Atroz destino. Agora só; entre os escombros de sua terra e de sua execrada gente, um homem duplamente humilhado, esgotado, a adormecer, mal consegue mover-se. Na imensa planície o rastro da tropa que já se distanciara. Dentro de si o ressoar da gélida brisa, da escuridão e o sentimento de traição de sua amada esposa. Enviara-a a brutos mandos ao acampamento para trazer-lhe qualquer notícia que lhe pudesse salvar a nobre causa...

Na manhã de trinta e um de março de 1896, ano por muitos (saibamos) jamais esquecido, à beira da estrada de São Serraro, antiga Santana do Sul, um homem, cujas mãos ainda violadas mal se mexem pelo incessante e exaustivo dia anterior, encontra-se em um extenso milharal...

Para Jorge Luis Borges



EPÍLOGO

O primeiro parágrafo deste conto me foi revelado em sonho a pelo menos dois anos num mês de junho ou julho. Fruto de uma fatal coincidência ou mera ação do inconsciente pareço encontrar semelhanças, ou mesmo, estreita relação entre os fatos a mim recentemente ocorridos e o premonitório parágrafo. Coincidências ou não, o fato é que após esses anos entrego o restante do conto não com o sentido de missão cumprida (terminá-lo foi para mim uma urgência uma vez que sentia-o perdendo de vista e propósito) mas resignado com o seu resultado.


O prazer de elaborar uma narrativa consiste em compartilhar capacidades que só subsistem no ato da leitura. Sem o leitor penso jamais ser capaz de qualquer execução, dado que a imaginação exija sempre o contato com uma outra, cabendo ao escritor o simples papel de escrever o minímo possível e deixar com que lhe preencham o resto.

Certa vez afirmou-me Davidson Soares de sua estranha, mas notória, resistência aos contos cíclicos. Não admitia que lhe fossem consideradas quaisquer tentativas a esse respeito. Dizia que mais da metade das obras produzidas no último século pendiam para este desconcerto, ou melhor, este insulto à criatividade e que terminar um conto unindo-o ao começo é o mesmo que impor a todos os seres vivos que mordam a própria cauda e girem em torno de si mesmos eternamente (estou certo de que se referia à incapacidade inventiva). Creio refutá-lo neste conto por acrescentar ao ato cíclico um pormenor um pouco mais acentuado que os outros.

Cada linha escrita neste conto quis percorrer e emocionar o pensamento alheio no instante mesmo em que foi redigida. Portanto, espero sejas conivente com o que penso a teu respeito leitor. E ainda: não me condenes se em algum momento deixei escapar minha incapacidade de elaboração.
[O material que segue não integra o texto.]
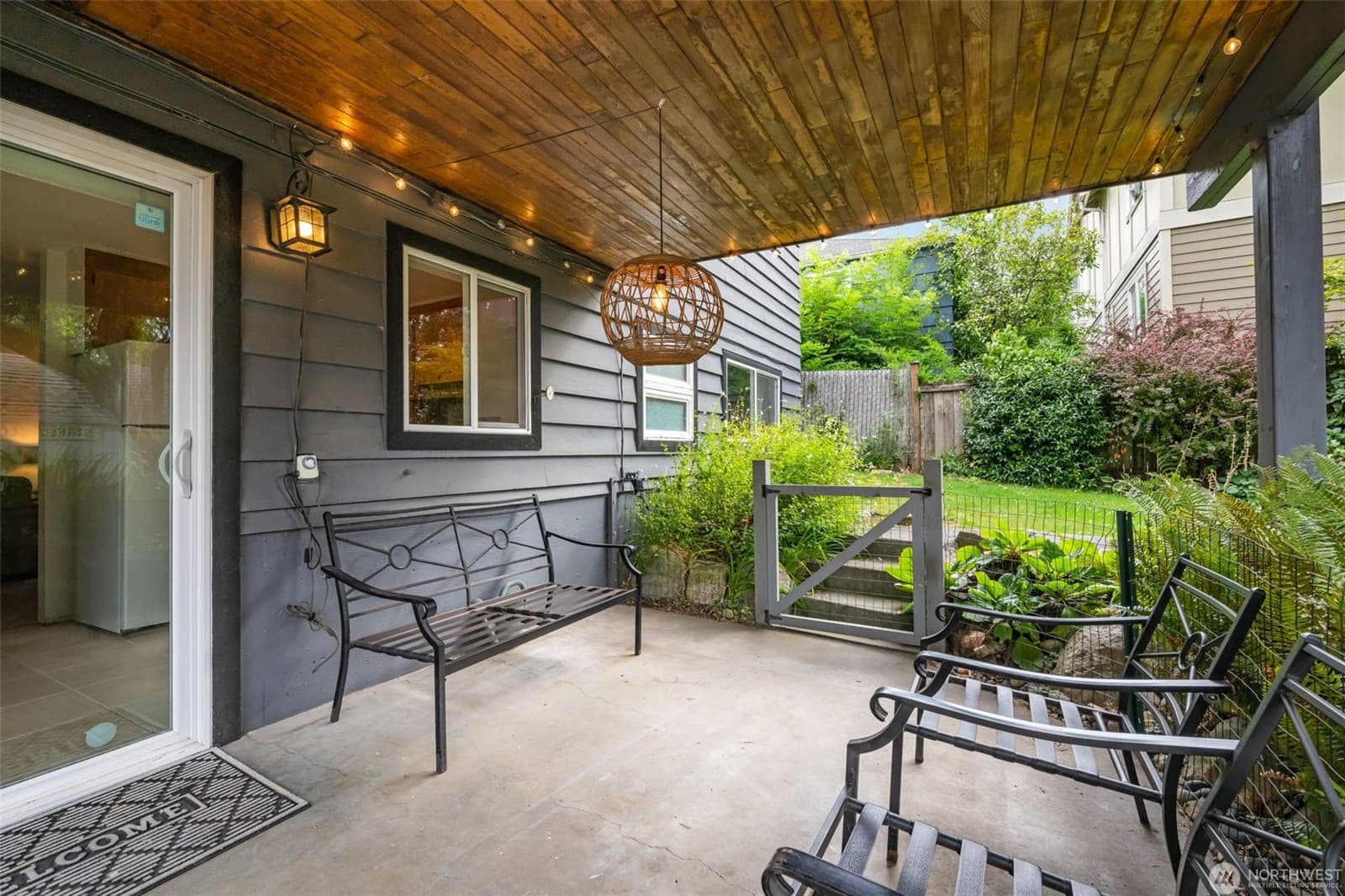 Covered entry with a bench, and the gate through to the garden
Em todo caso, que ao menos essa elaboração (que também é a melhor de mim) não te seja tosca.

Contagem, 29 de março de 2006

Um comentário:

Quel disse...

Bom, já fiz um comentário ao ler esse texto da primeira vez, e o repito aqui.
Apesar de começadas pelo final, que qse nunca é inteiro, essas histórias cíclicas me aguçam a curiosidade em saber o decorrer da história até chegar a esse desfecho, que sempre é acrescido de mais algumas infomações.
portanto discordo do seu amigo.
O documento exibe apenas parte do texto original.